**PROVIDED INFORMATION:**
"""

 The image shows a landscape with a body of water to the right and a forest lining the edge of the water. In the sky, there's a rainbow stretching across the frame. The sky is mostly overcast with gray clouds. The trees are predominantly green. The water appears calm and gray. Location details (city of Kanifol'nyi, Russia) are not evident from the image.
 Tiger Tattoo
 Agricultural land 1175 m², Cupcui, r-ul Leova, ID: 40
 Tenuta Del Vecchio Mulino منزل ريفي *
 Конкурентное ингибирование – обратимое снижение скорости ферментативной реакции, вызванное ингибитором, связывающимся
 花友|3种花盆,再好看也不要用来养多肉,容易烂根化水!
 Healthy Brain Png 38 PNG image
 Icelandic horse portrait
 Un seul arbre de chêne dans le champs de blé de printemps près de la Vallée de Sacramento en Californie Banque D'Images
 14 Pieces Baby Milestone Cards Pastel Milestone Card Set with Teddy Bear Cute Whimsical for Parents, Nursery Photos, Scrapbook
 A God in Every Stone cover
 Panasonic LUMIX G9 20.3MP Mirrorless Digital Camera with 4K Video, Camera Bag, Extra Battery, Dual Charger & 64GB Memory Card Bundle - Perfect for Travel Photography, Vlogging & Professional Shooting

"""
"""

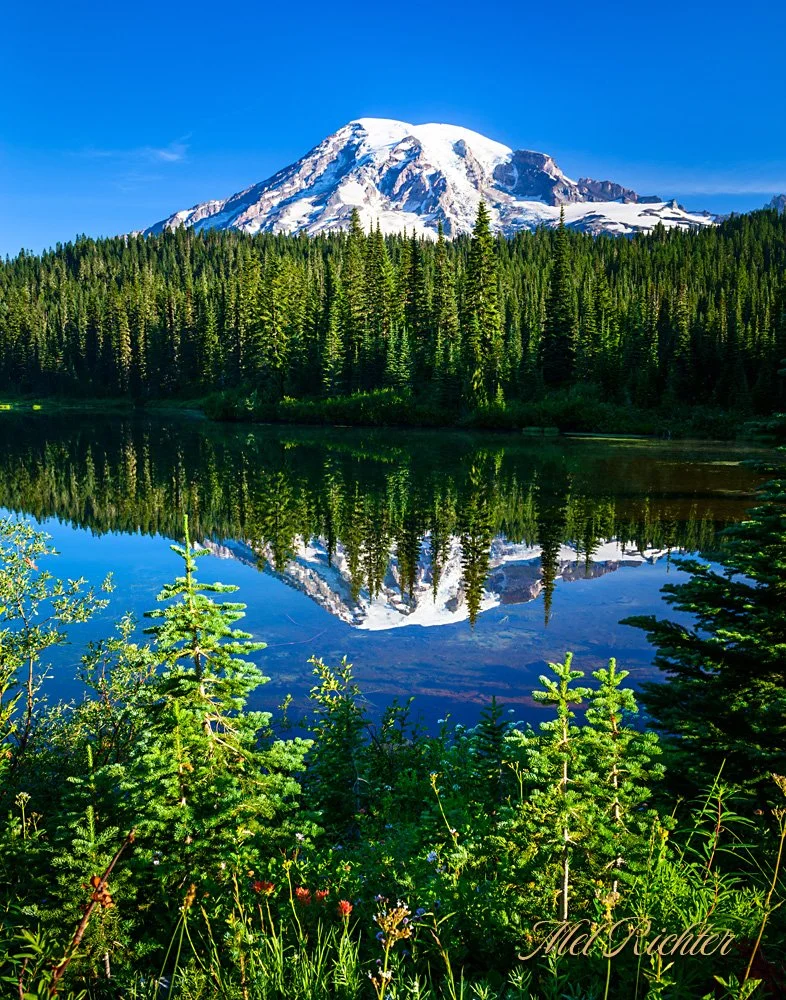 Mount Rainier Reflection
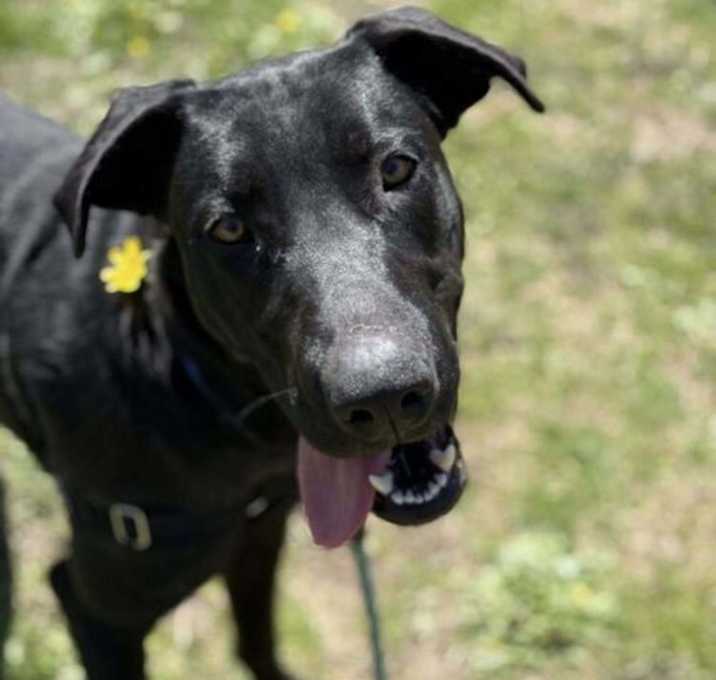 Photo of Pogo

"""

**PROBLEM TO WORK ON:**
Reading through the records above, report each line in which the string "Card" is found.

**RESPONSE:**
 14 Pieces Baby Milestone Cards Pastel Milestone Card Set with Teddy Bear Cute Whimsical for Parents, Nursery Photos, Scrapbook
 Panasonic LUMIX G9 20.3MP Mirrorless Digital Camera with 4K Video, Camera Bag, Extra Battery, Dual Charger & 64GB Memory Card Bundle - Perfect for Travel Photography, Vlogging & Professional Shooting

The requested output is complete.